A modified basal outlining algorithm for identifying topographic highs in gridded elevation data, part 2: Application to Springerville Volcanic Field

Abstract

Delineating boundaries of volcanic edifices from surrounding topography is often difficult, time-consuming and subjective. For large volcanic fields, with hundreds of volcanoes, developing methods to efficiently and consistently identify and isolate volcanoes from surrounding topography is of utmost importance. Advances in technology for collecting and processing digital elevation datasets have significantly improved the spatial coverage and accuracy of digital elevation models. This study evaluates the efficacy of two automated methods, a simple closed-contouring algorithm and the newly developed extension of this method, known as the Modified Basal Outlining Algorithm (MBOA), to identify and isolate volcanic cones within the Springerville Volcanic Field in southeastern Arizona. Results from the automated methods are compared to geologically mapped cone boundaries isolated using petrographic and topographic characteristics (Condit, C., 2010. Geosphere 6, 430–443, doi:10.1130/GES00531.1).

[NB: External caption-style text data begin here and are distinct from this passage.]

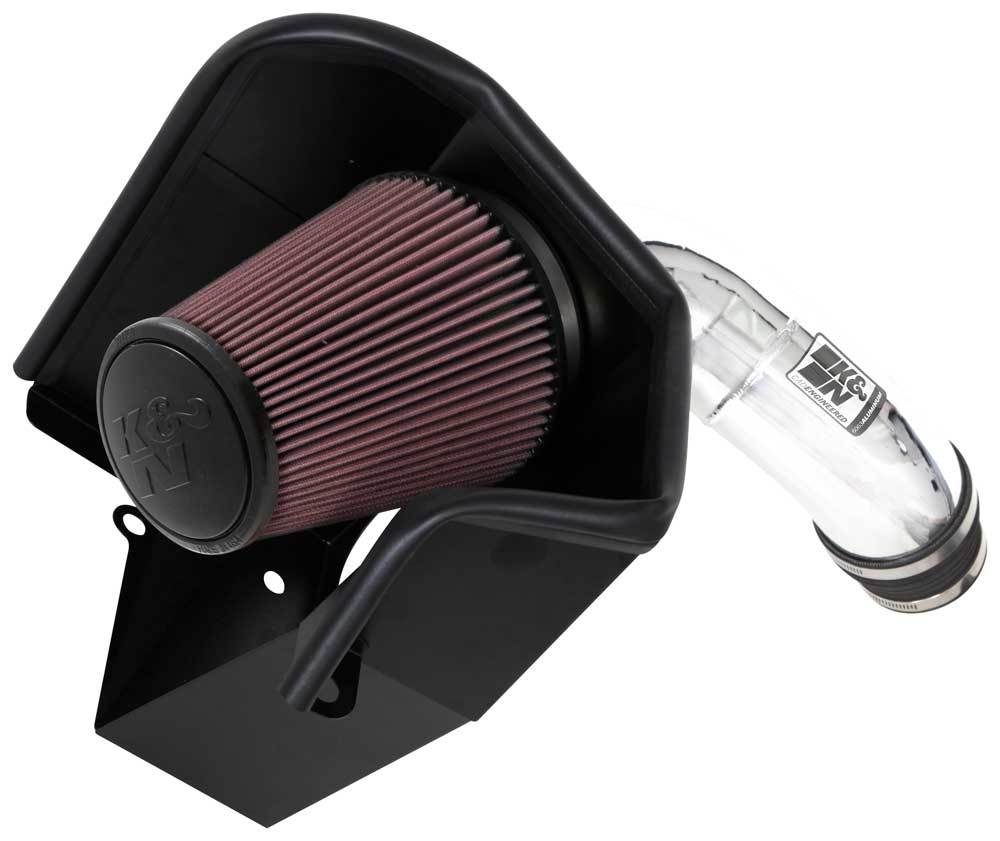 K And N Engineering Air Induction System - 77 Series - Reusable Oiled Filter - Aluminum - Polished - Mopar Gen III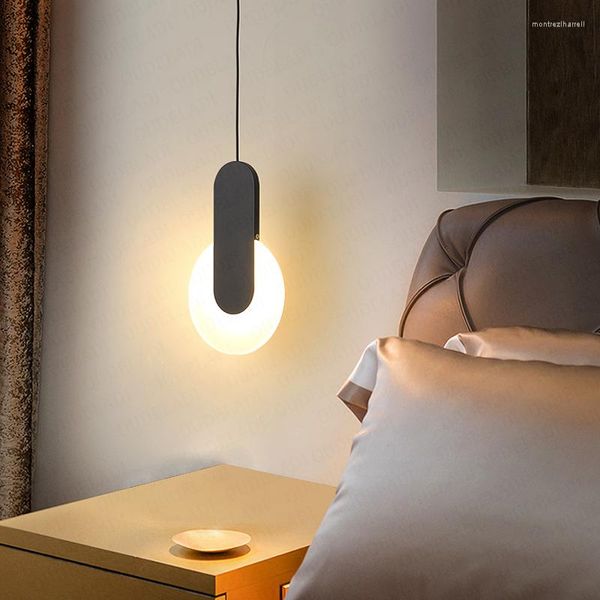 Lampes suspendues Moderne Acrylique Haut Plafond LED Lampe Pour Chevet Salon Éclairage Long Fil Suspension Suspension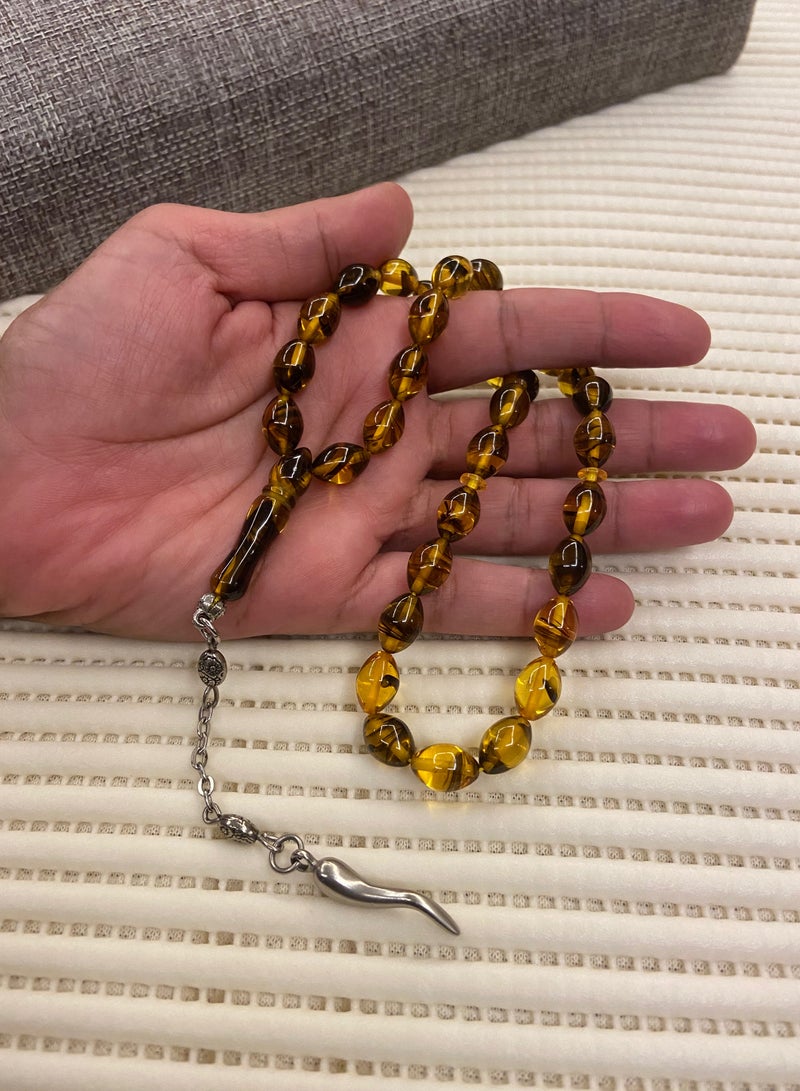 Faturan Prayer Beads For Men 33 Beads Size 8.8mm x 12.8mm - Image 1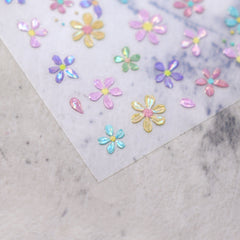 Shell Nail Sticker - Spring Flowers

The MBOA reproduces the maximum height, area and volume for the Springerville Volcanic Field to within a few percent of the values obtained by field mapping; whereas the closed-contour algorithm systematically underestimates the size of the volcanic edifices. Cone steepness, which is often considered to reflect the integrated history of eruptive and erosional processes shaping an edifice, is found to be insensitive to method used to delineate the cone boundary. For all three methods, a negative exponential model can be used to describe the resulting height–frequency distribution of cones, with small differences in the estimated scaling parameters. Results from this study show the MBOA is an effective automated method for identifying and isolating volcanic edifices within a large volcanic field and an improvement over closed-contour algorithms.